Böyle bir illüzyon var; illüzyonist elinde bir deste kart tutuyor ve o desteye el çabukluğu bir deste daha ekleniyor, bir deste daha.. Sürekli sarmal bir devinim ile birbirini takip eden ve aynı şeyi çoğaltıyormuş gibi görünen bir illüzyon…
Efendim, Deva, Gelecek ve Saadet Partileri aynı kökenden geliyormuş ve 14 Mayıs’taki milletvekilleri genel seçiminde eğer üçlü ittifak kurarlarsa Ak Parti tabanından kaçan mutsuz ve kararsız muhafazakar ve dindar seçmenleri toplayabilir böylece hem %7’lik barajı rahatlıkla aşar hem de daha fazla milletvekili çıkarabilirlermiş!!!
Bak seeen!
Yani tıpkı kart illüzyonundaki gibi bir tane desteden üç deste çıkarmak ha?!

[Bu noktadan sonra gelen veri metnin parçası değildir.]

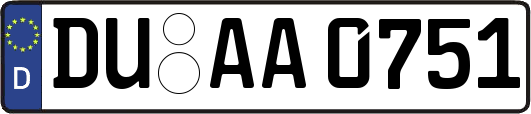DU-AA0751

Bu bir illüzyon, bu bir tuzaktır. Üç partiyi yalnızca tek bir tabana hapsetmektir.
Misal, diyelim bu üç partiden biri olan ‘X’ Partisine verilen her 100 oyun yaklaşık 30’u kendini muhafazakar ya da dindar kimlikle tanımlayanlardan geliyor.
Yine yaklaşık 20 civarı da kendini merkezde sol, sosyal demokrat, liberal sol vs olarak kimliklendirenlerden gelirken yaklaşık 20’si de merkezde sağ, liberal vs olarak olarak adlandıranlardan geliyor.
Geri kalan 30 oy ise HDP, milliyetçi, ülkücü ya da ideolojisiz tabandan geliyor olsun.
X Partisi tavsiye edilen bu üçlü ittifakın bir paydaşı olarak yalnız muhafazakar ve dindar seçmenin oylarına talip olacak ve söylemlerini de mecburen bu kesime yönelik olarak aranje edecek. Zira bu üç partinin birbiriyle tam örtüşmeyen siyasi görüşleri de var doğal olarak.
Bu durumda sanıldığı gibi 30 oyluk kesim X partisi açısından büyümeyecek.
Ayrıca kendisine gelmesi muhtemel olan diğer kesimlerin oylarını ise CHP, İYİ Parti ittifakına deplase edecek. Hatta Cumhur İttifakına dahi oy kaptırabilecek.
Dolayısıyla Deva, Gelecek ve Saadet Partilerinin milletvekili seçimlerine yönelik üçlü ittifak kursunlar daha çok oy alırlar önermesi reel siyasetle bağdaşmaz.
Böyle olacağına 81 ilde tek başlarına girsinler çok daha cesur, anlamlı olur ve halkın iradesine talip olarak daha fazla teveccüh gösterilirler.